A greenfield airport is an aviation facility with greenfield project characteristics. The designation reflects certain environmental qualities (using previously undeveloped or empty greenfield land, for example) and commissioning, planning and construction processes that are generally carried out from scratch. While a green field in nature is defined as a wide expanse of natural land (meadow, prairie, grassland), here greenfield denotes that a project lacks any constraints imposed upon it by prior work or existing infrastructure. (A brownfield, on the other hand, remodels or improves upon existing facilities.) Such projects can be highly coveted by engineers as no time must be allotted for demolition of unneeded buildings, etc. constructed in developed areas for the development of the particular place

Modern greenfield airports are under construction in Beijing, Istanbul, Sydney and Chennai.
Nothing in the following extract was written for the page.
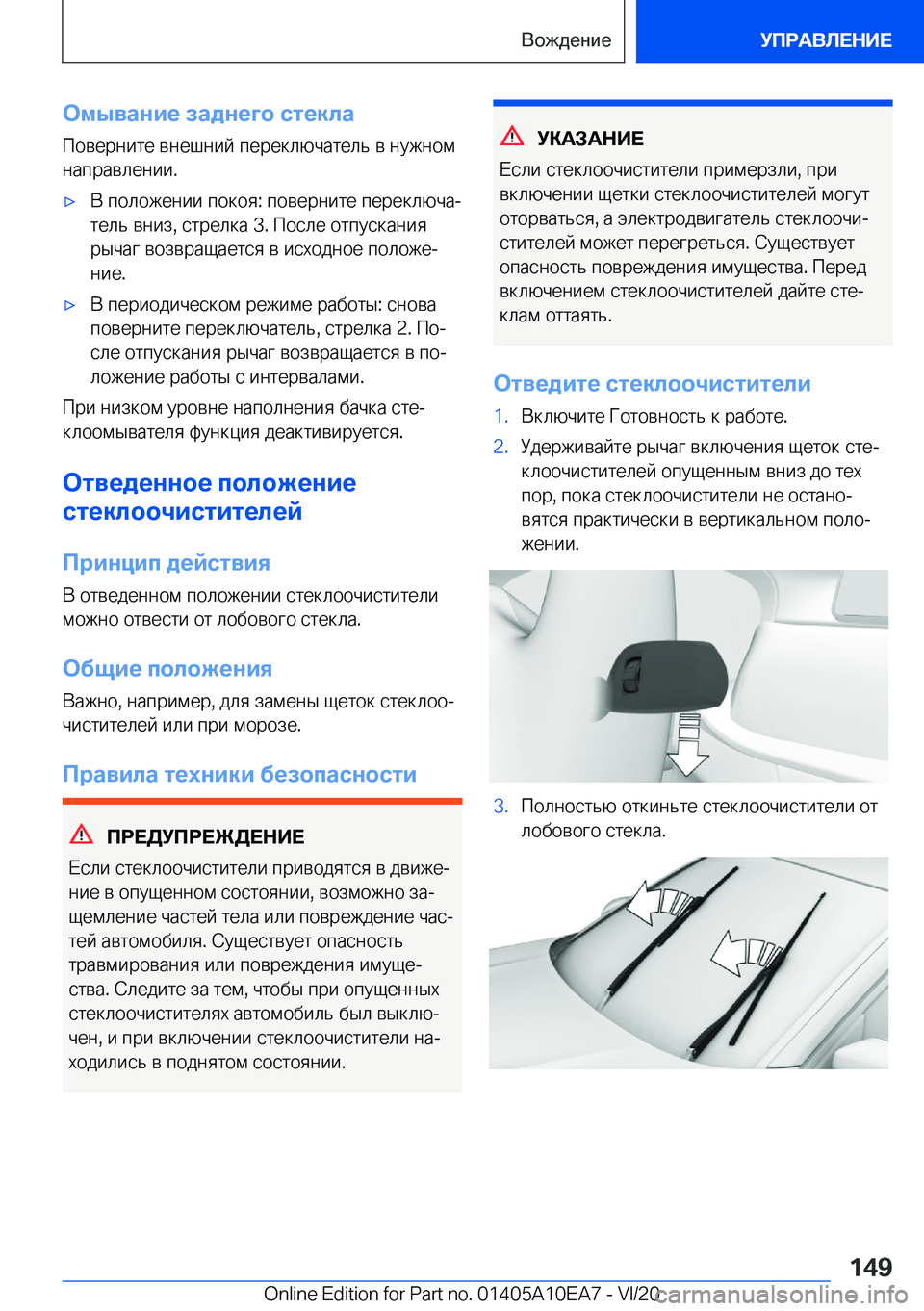 BMW X3 2021  Руково 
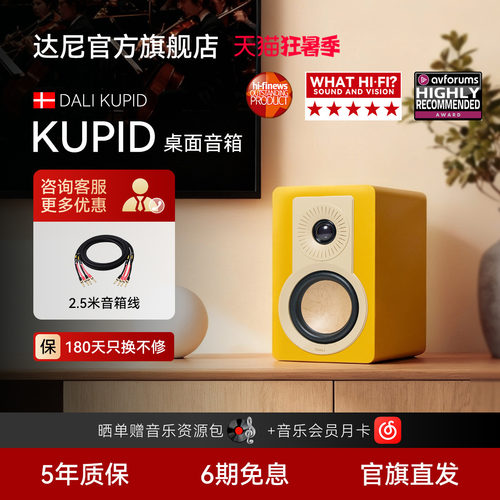 国补20%丘比特HIFI无源音箱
Over the next two decades, the number of airports is expected to increase from 133 to 500. Of these, 367 are slated to be greenfield airports.

== Partial list of greenfield airports ==
Some of the world's greenfield airports opened since 1995. (Many smaller airports are also under development or proposed, especially in China, India and the Philippines.)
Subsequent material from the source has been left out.